Son immunité parlementaire est levée le 12 février 2014 et il est mis en examen le 10 avril de la même année pour “achat de votes”, “complicité de financement illicite de campagne électorale” et dépassement du plafond autorisé.

Il est par ailleurs condamné début 2017 à deux millions d’euros d’amende et cinq ans d’inéligibilité et d’interdiction d’exercer une fonction publique pour blanchiment de fraude fiscale et omissions dans ses déclarations de patrimoine.

En 1998, la justice belge lui avait infligé deux ans de prison avec sursis pour corruption active dans le procès pour des pots-de-vin versés à des hommes politiques pour obtenir le contrat de modernisation des Mirage de l’armée belge.

C’est sur le tard que Serge Dassault s’est intéressé à la presse. En juillet 2001 il devient ainsi actionnaire majoritaire de la Société d’édition de médias d’information franciliens(SEMIF) avant de prendre la présidence du groupe Le Figaro et de ses publications, ainsi que de la Socpresse.

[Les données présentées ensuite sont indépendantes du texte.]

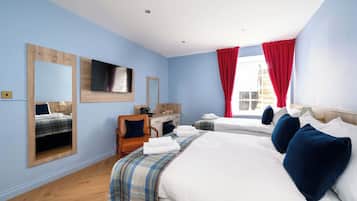 A hotel room with two beds, a desk, and a chair.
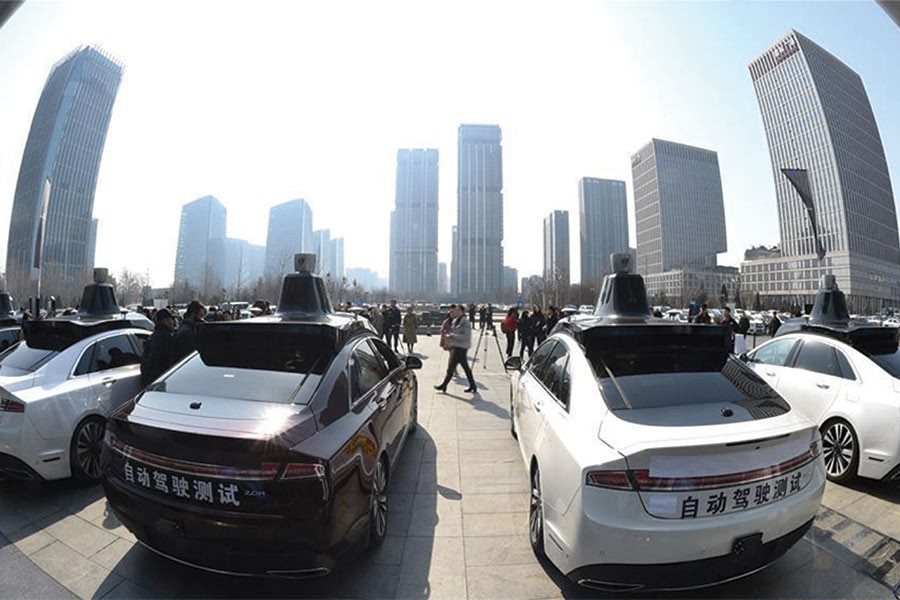 Photo taken on March 22, 2018 shows self-driving vehicles for public road testing in Beijing, capital of China. Beijing released its first temporary license plates for Baidu's self-driving vehicles for public road testing on the previous day. —Photo: Xinhua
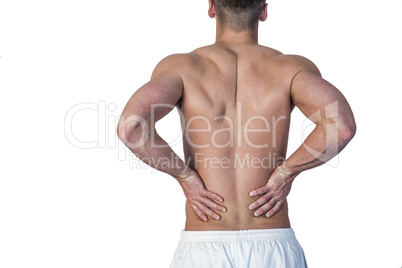 Rear view of a man undergoing back pain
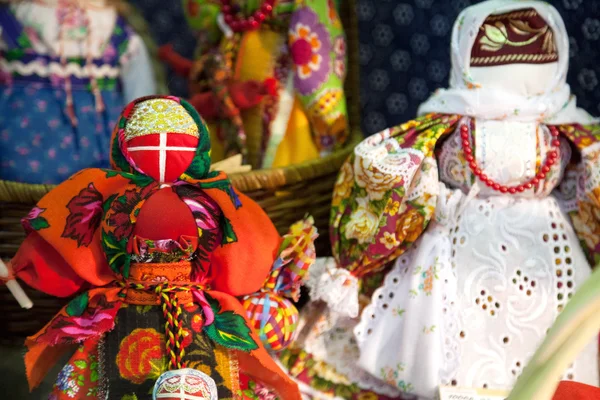 Russia, Khabarovsk - May 1, 2016: Traditional Russian rag doll at Slavic culture fair. Handmade art textile faceless toy girl souvenir market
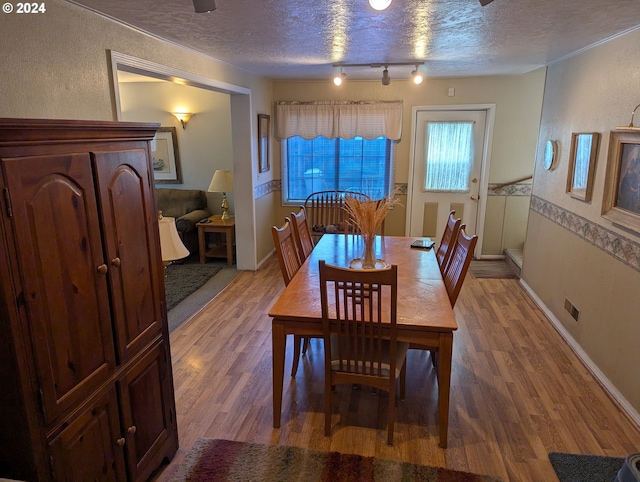 dining space featuring light hardwood / wood-style floors, a textured ceiling, and track lighting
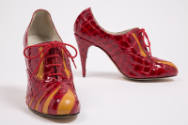 Side and front view of Side red patent leather alligator embossed print high heel lace front sh…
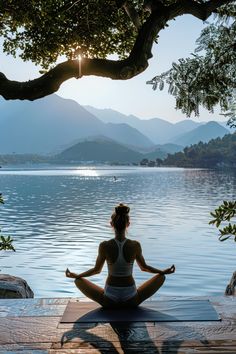 a woman is sitting in the middle of a yoga pose on a dock overlooking a body of water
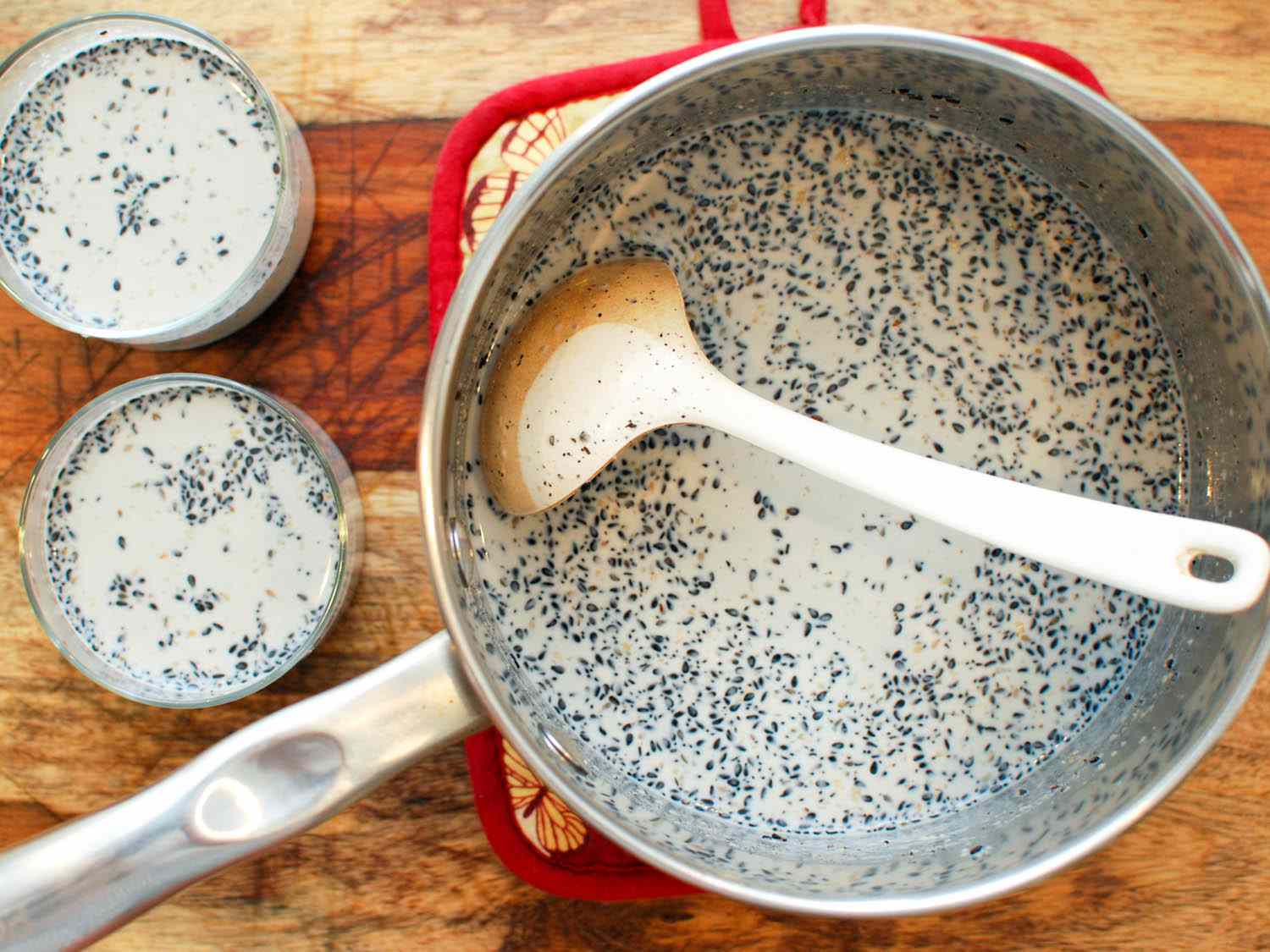 The pudding base is ladled into glasses.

Il connaît une expérience malheureuse dans le monde du sport en héritant, avec la Socpresse, du FC Nantes, relégué en Ligue 2 en mai 2007 pour la première fois de son histoire et cédé deux mois plus tard à l’homme d’affaires Waldemar Kita.

Sa succession et le rôle que pourraient y tenir ses enfants ont longtemps été un sujet de spéculation. Il y a coupé court en disant en 2016 à Public Sénat : cette succession “n’inquiète personne parce que j’ai désigné Charles Edelstenne (directeur général de la holding familiale) comme mon successeur”.